-- Opening Marker --
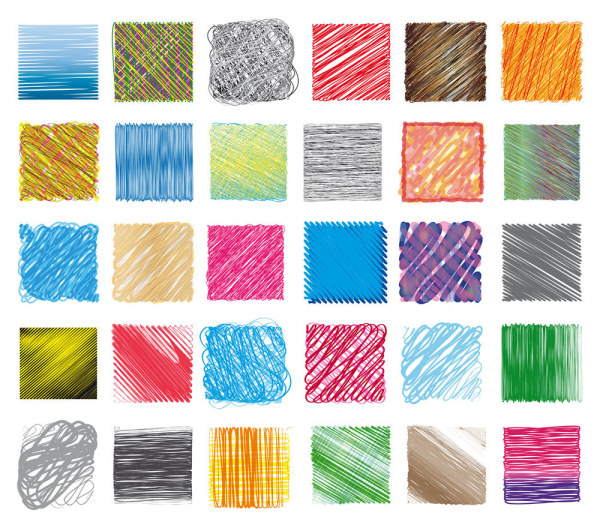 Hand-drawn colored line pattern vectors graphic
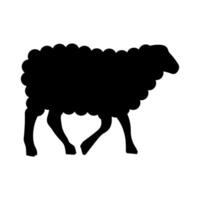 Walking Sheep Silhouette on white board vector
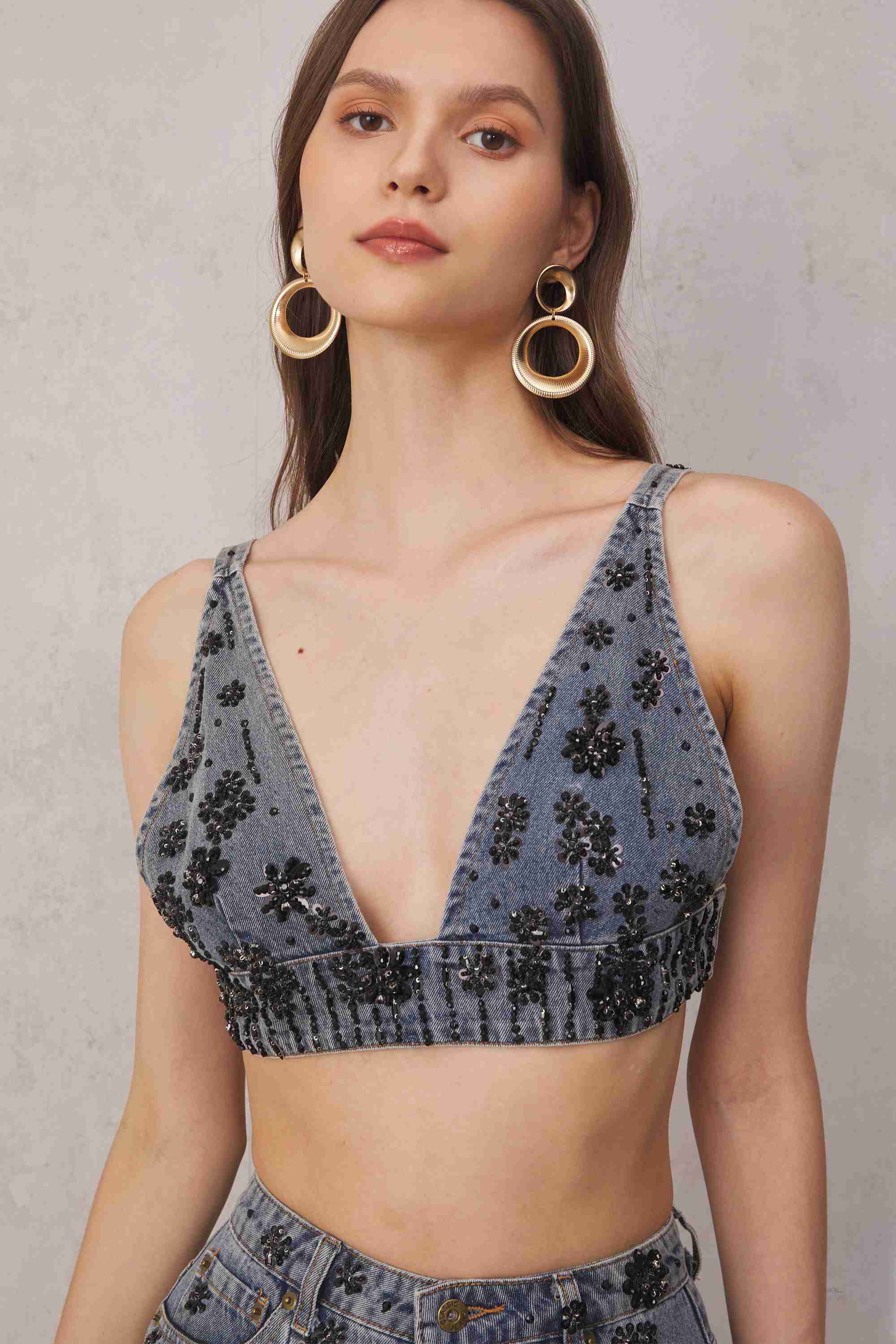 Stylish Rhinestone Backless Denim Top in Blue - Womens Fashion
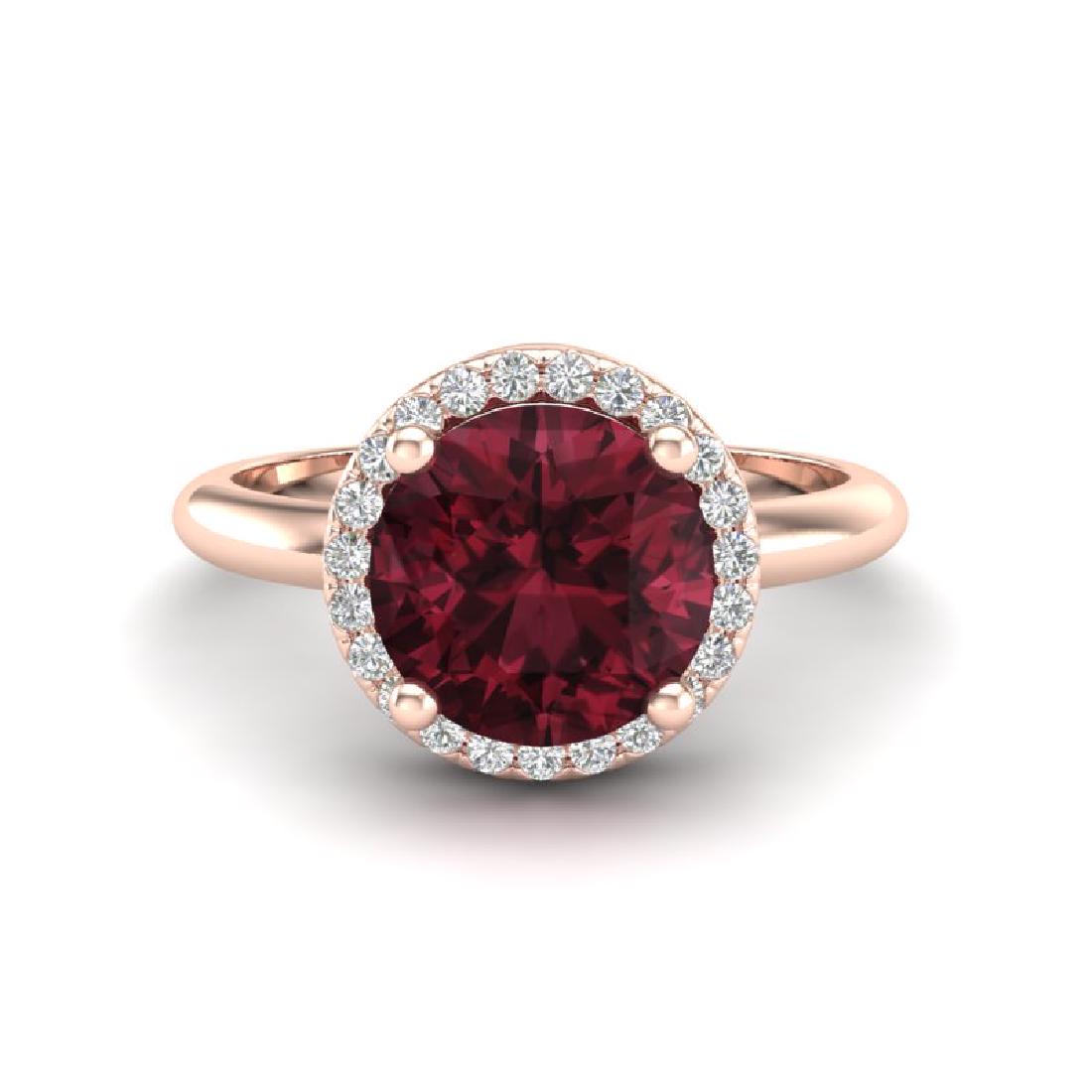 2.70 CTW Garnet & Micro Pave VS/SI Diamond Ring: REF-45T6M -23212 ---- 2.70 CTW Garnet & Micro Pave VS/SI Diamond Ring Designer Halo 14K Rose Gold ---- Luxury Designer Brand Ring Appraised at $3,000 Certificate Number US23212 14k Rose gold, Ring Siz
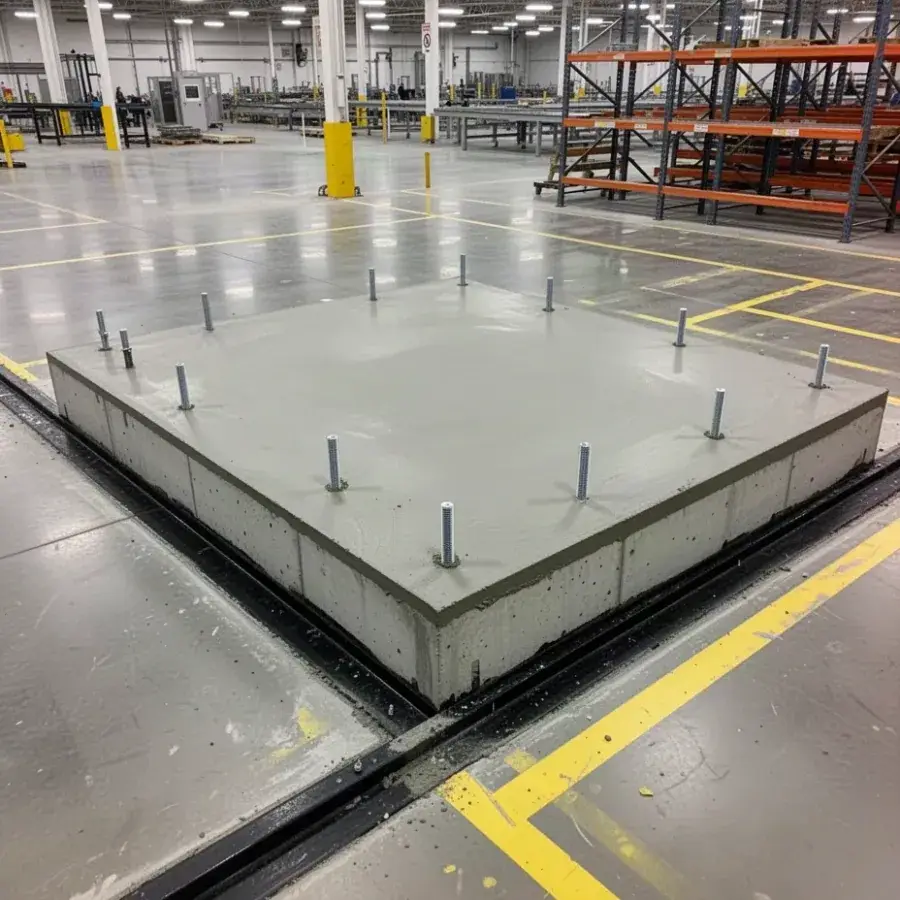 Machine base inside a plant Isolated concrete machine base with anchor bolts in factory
-- Closing Marker --
[ABOUT THIS TASK] The lines to be transcribed are those from the first line of the data above through the line holding "2.70 CTW Garnet & Micro Pave VS/SI Diamond Ring: REF-45T6M", inclusive; copy them exactly and only, leaving out the pictures.

[OUTPUT]
 Hand-drawn colored line pattern vectors graphic
 Walking Sheep Silhouette on white board vector
 Stylish Rhinestone Backless Denim Top in Blue - Womens Fashion
 2.70 CTW Garnet & Micro Pave VS/SI Diamond Ring: REF-45T6M -23212 ---- 2.70 CTW Garnet & Micro Pave VS/SI Diamond Ring Designer Halo 14K Rose Gold ---- Luxury Designer Brand Ring Appraised at $3,000 Certificate Number US23212 14k Rose gold, Ring Siz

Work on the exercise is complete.